San Diego Tribune CEO John Lynch recently told employees that the company is suspending matches to the company's 401(k) plan partly because of “significant additional expense due to Obamacare.”
But the San Diego Union-Tribune isn’t just any business -- it’s been described as a mouthpiece for developer and financier Douglas Manchester, a major Republican party contributor, according to watchdog Media Matters. Since buying the newspaper in 2011, the publication has become “what many consider a front for Manchester's ‘cheerleading’ for business interests and right-wing politics,” Media Matters noted in 2012.
The newspaper’s opposition to Obamacare shines through in its editorial pages, with an October editorial claiming that the “wreckage from Obamacare’s perverse incentives will be immense," the group said.

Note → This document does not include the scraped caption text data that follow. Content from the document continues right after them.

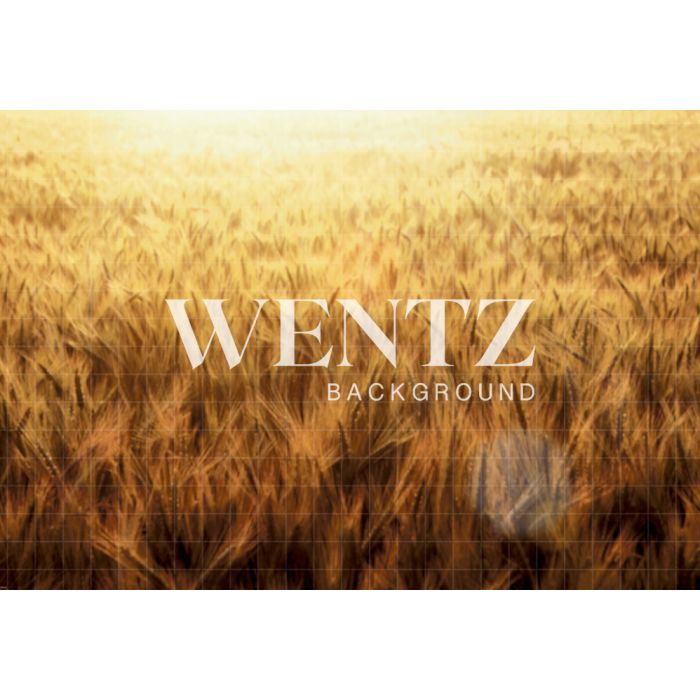 Photography Background in Fabric Wheat Field / Backdrop 1759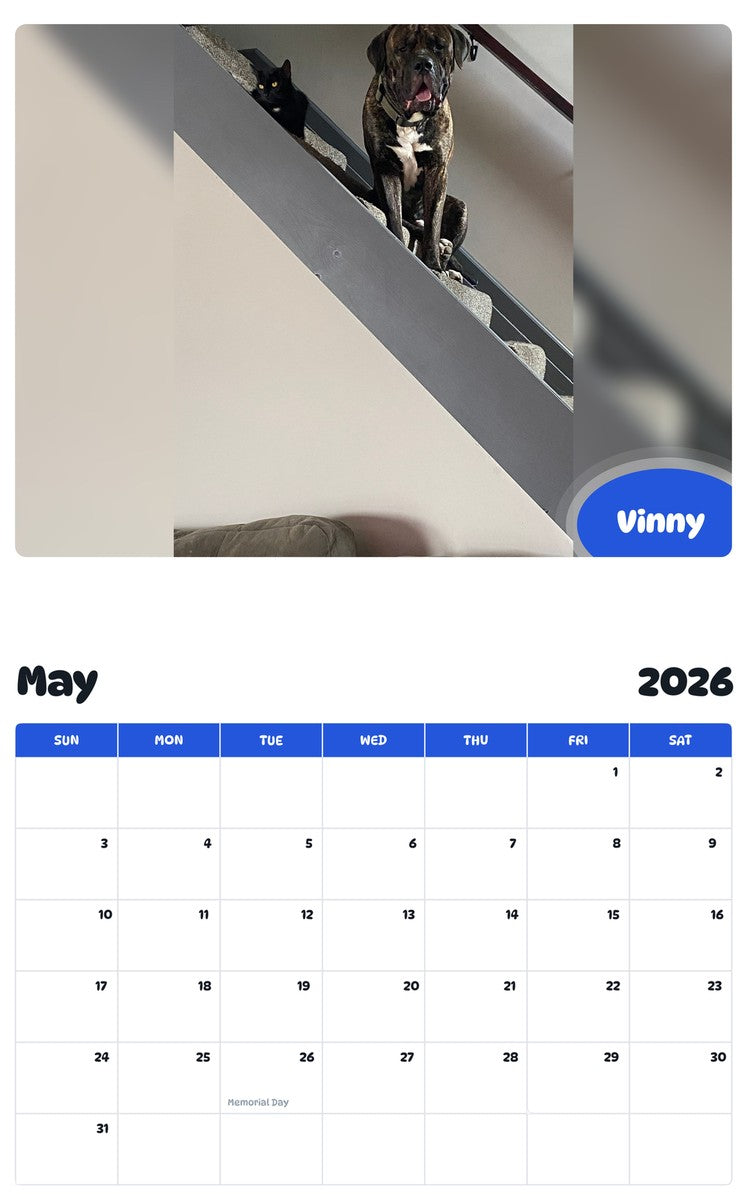 2026 - 2027 Vinny - Pawidols Pet Calendar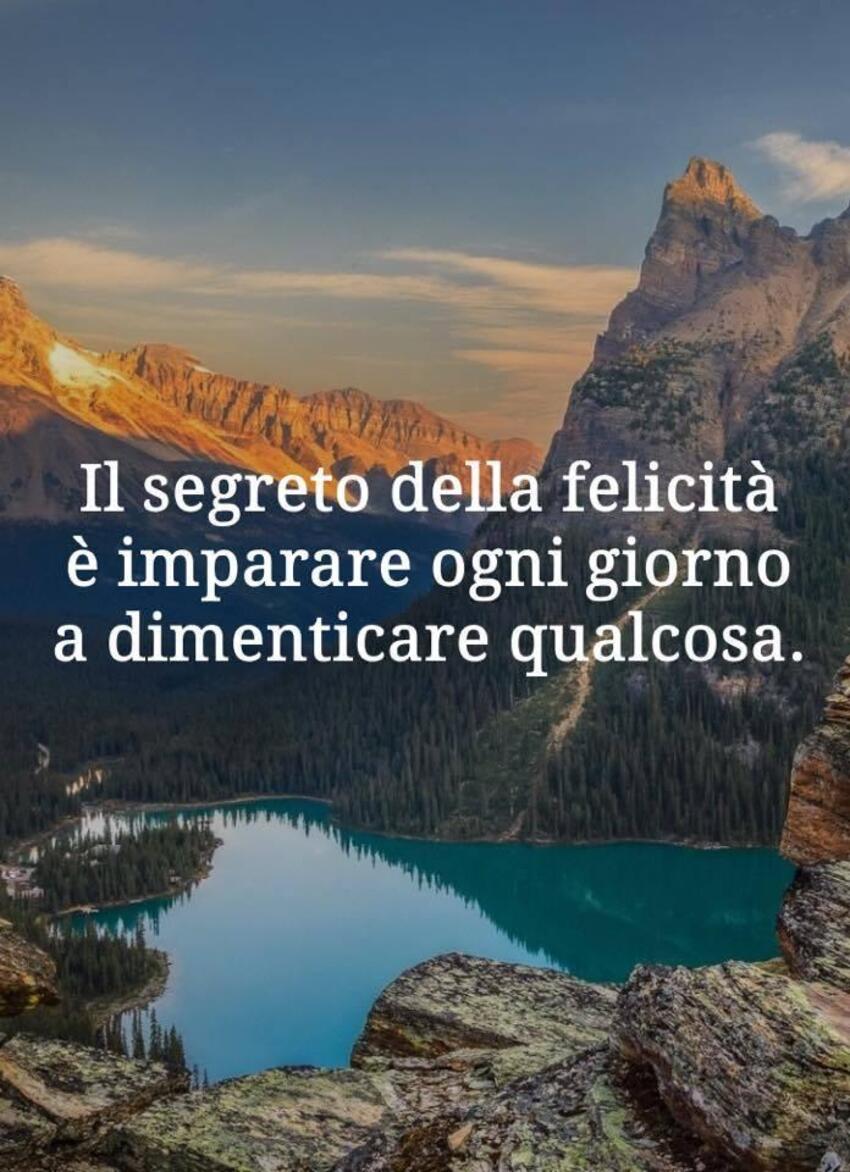 Il segreto della felicità è imparare ogni giorno a dimenticare qualcosa.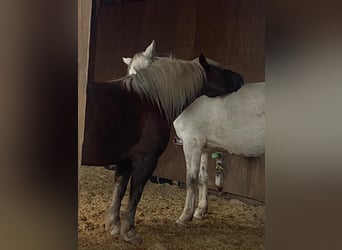 Caballo de la Selva Negra, Yegua, 5 años, 138 cm, Alazán-tostado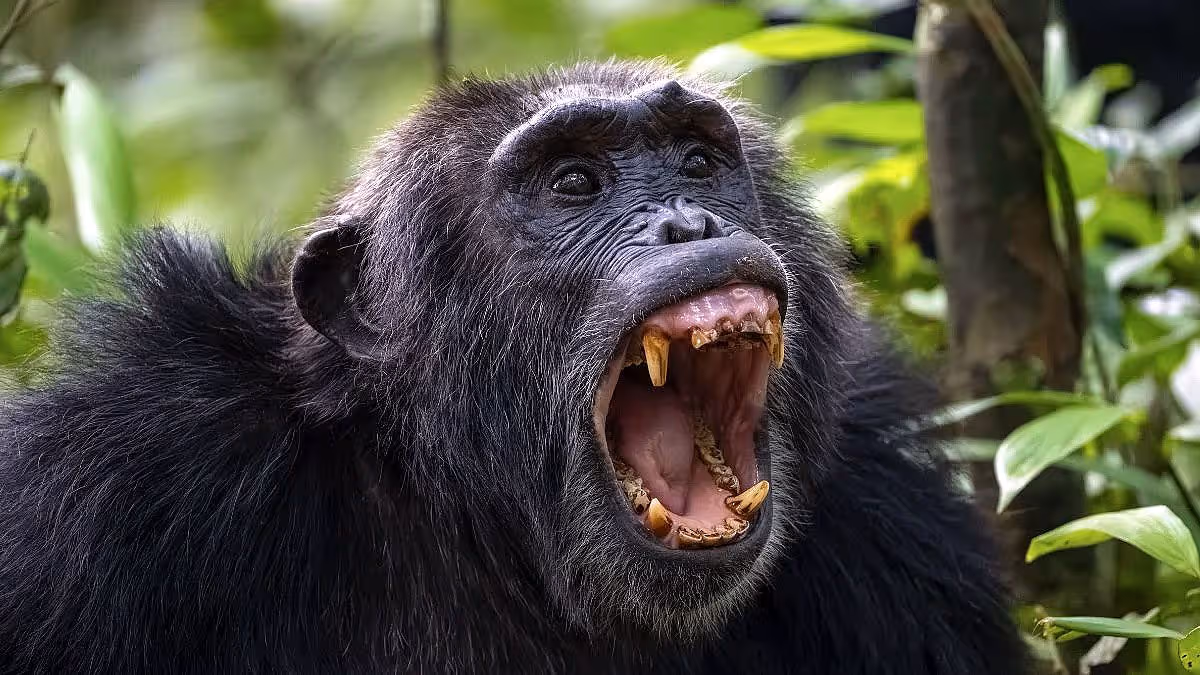 Aggressive chimpanzee displaying teeth and dominance behavior
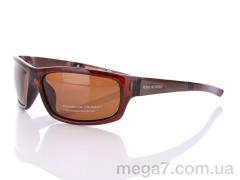 Очки, Egebar оптом P7503 C3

“Our 401k plan match is a discretionary match,” Lynch wrote in a memo to employees obtained by Poynter.org, the website for the journalism educational center. “Recently, it has been the Company’s practice to match 50 percent of your contribution, up to the first 6 percent of your salary. With that in mind, please be advised that we will temporarily suspend the Company match on the 401k effective 1/1/2014.”
In an emailed response to CBS MoneyWatch, Lynch wrote, "As a private company, the UT does not discuss it financial strategies or challenges." He added, "Suffice it to say our health care expenses have increased significantly."
While the newspaper’s editorial stance is anti-Obamacare, the company isn’t alone in blaming the Affordable Care Act for higher costs — and resulting cuts.
Of course, the newspaper industry has a whole other set of problems: print advertising fell for a sixth consecutive year in 2012, while digital advertising is growing “anemically,” according to the Pew Research Center.
Or, as Lynch wrote in his memo, “the media business continues to face the challenges of a difficult economic recovery.” The company will readdress the match as its business stabilizes, he added.